# Exercise directions
What you return should be only the lines starting at the one that contains "Een slaapkamer van" and running to the end of the listing, exactly as written, minus any pictures.

# Records for this exercise
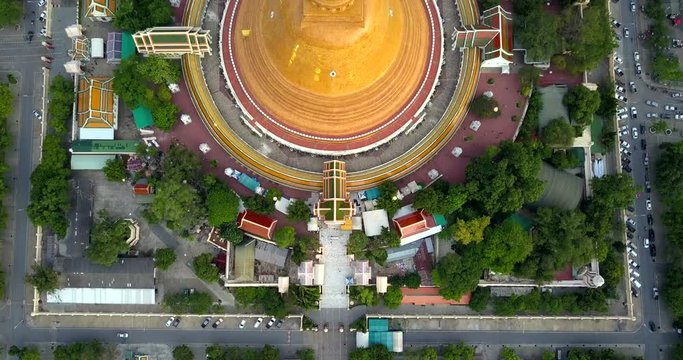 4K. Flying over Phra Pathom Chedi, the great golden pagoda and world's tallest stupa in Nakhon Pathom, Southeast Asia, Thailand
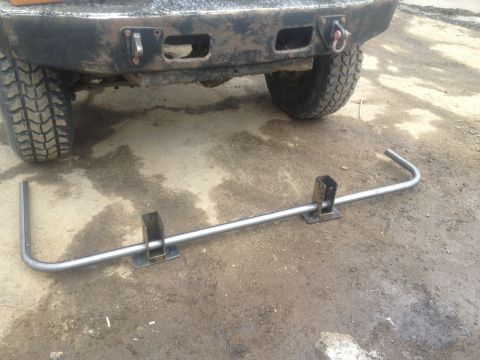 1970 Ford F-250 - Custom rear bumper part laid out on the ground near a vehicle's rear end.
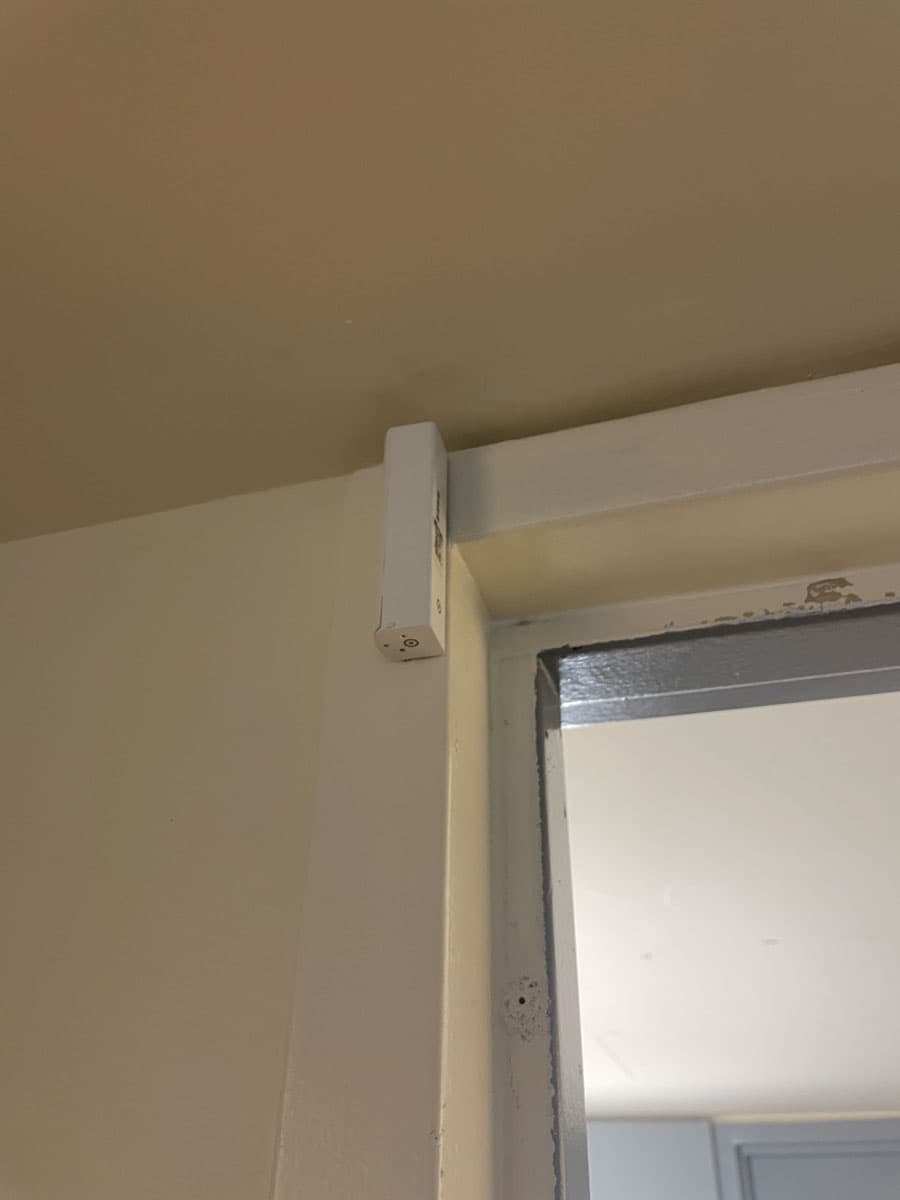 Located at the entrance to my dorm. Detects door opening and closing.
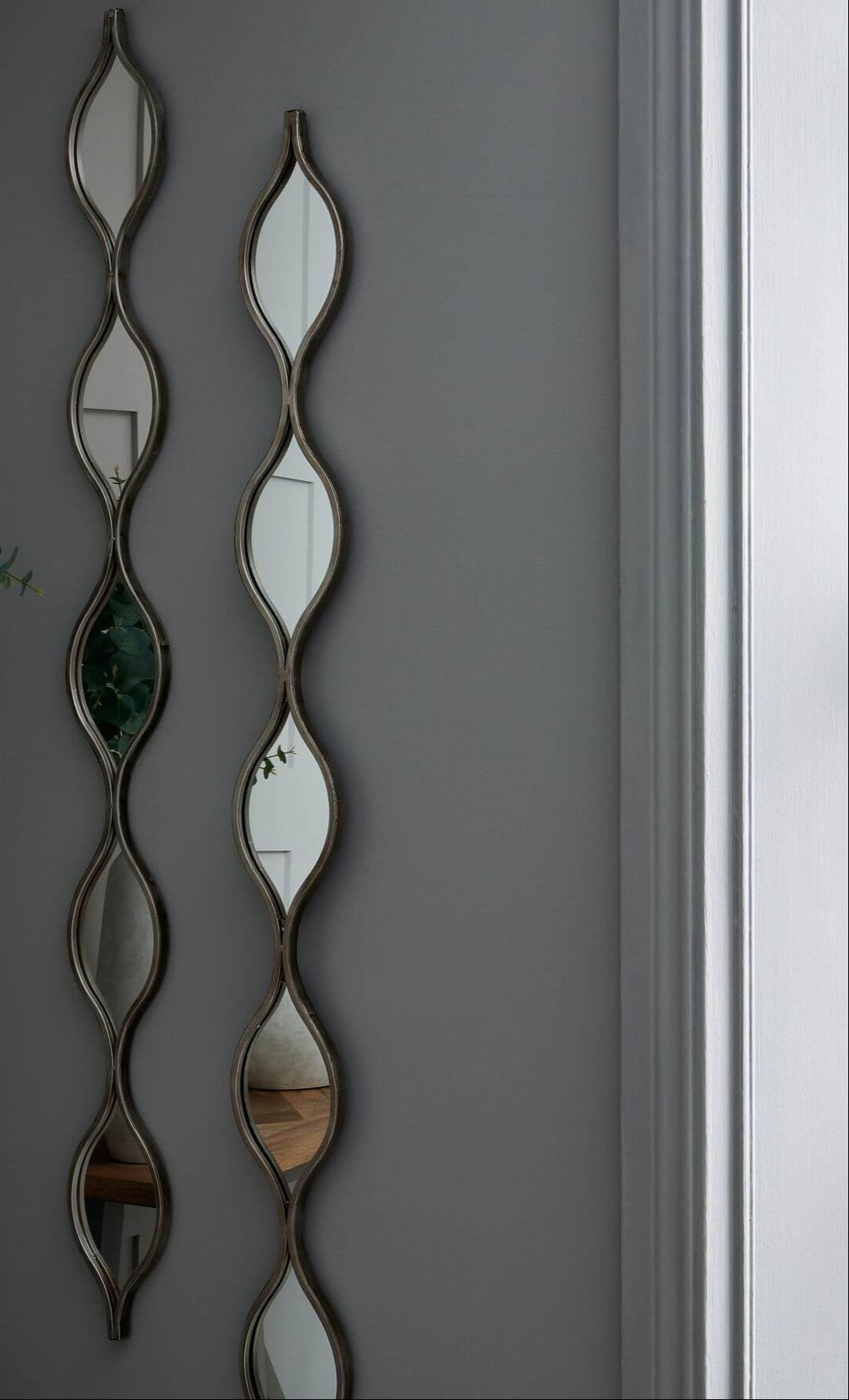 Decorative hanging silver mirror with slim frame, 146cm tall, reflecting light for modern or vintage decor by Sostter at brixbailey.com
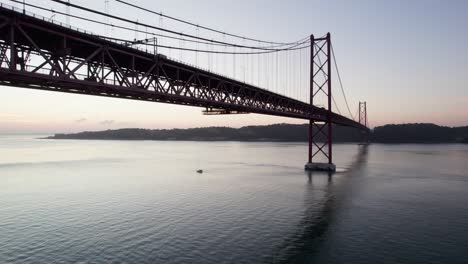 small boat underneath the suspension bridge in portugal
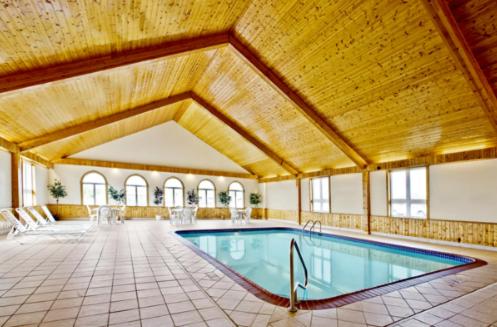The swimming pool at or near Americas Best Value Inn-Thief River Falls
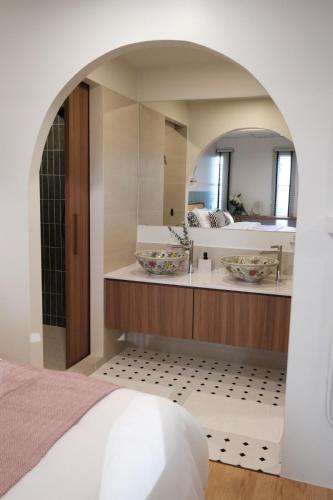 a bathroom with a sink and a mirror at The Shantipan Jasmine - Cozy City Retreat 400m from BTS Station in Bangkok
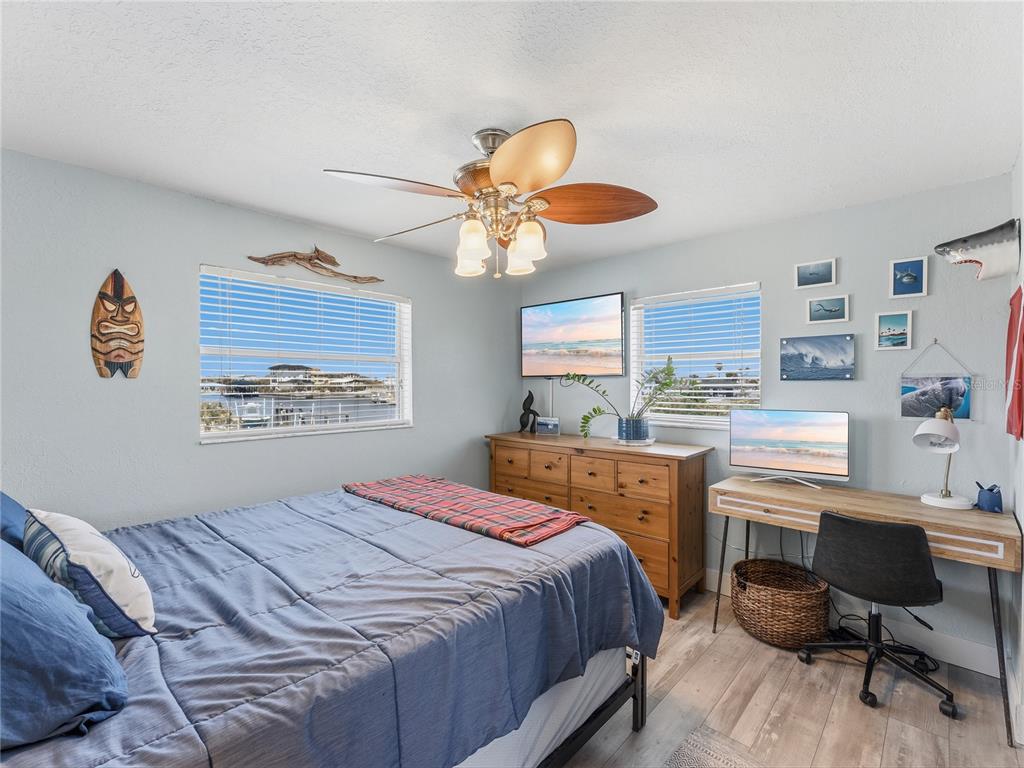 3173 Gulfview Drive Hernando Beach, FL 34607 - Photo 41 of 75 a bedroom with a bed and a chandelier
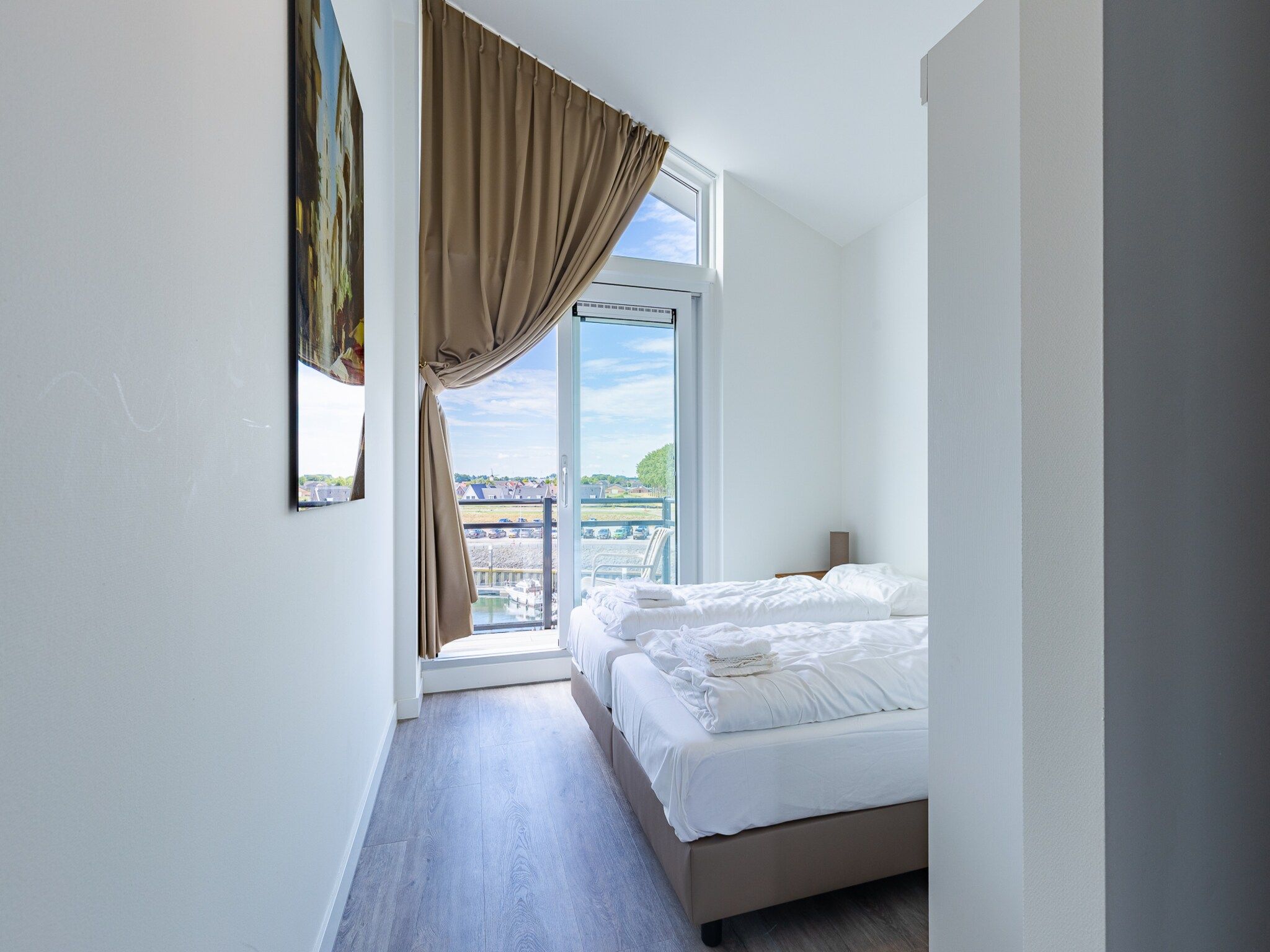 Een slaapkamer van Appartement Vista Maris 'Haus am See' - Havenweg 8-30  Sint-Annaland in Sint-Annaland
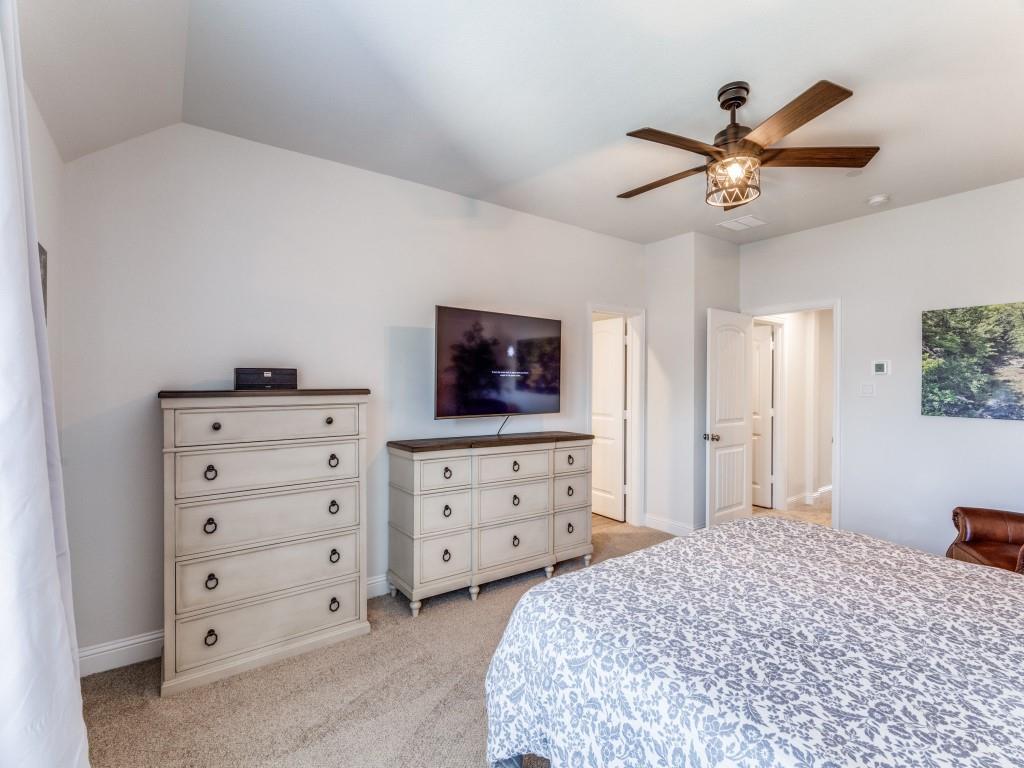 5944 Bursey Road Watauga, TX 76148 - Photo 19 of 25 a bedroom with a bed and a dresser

# Response below
 Een slaapkamer van Appartement Vista Maris 'Haus am See' - Havenweg 8-30  Sint-Annaland in Sint-Annaland
 5944 Bursey Road Watauga, TX 76148 - Photo 19 of 25 a bedroom with a bed and a dresser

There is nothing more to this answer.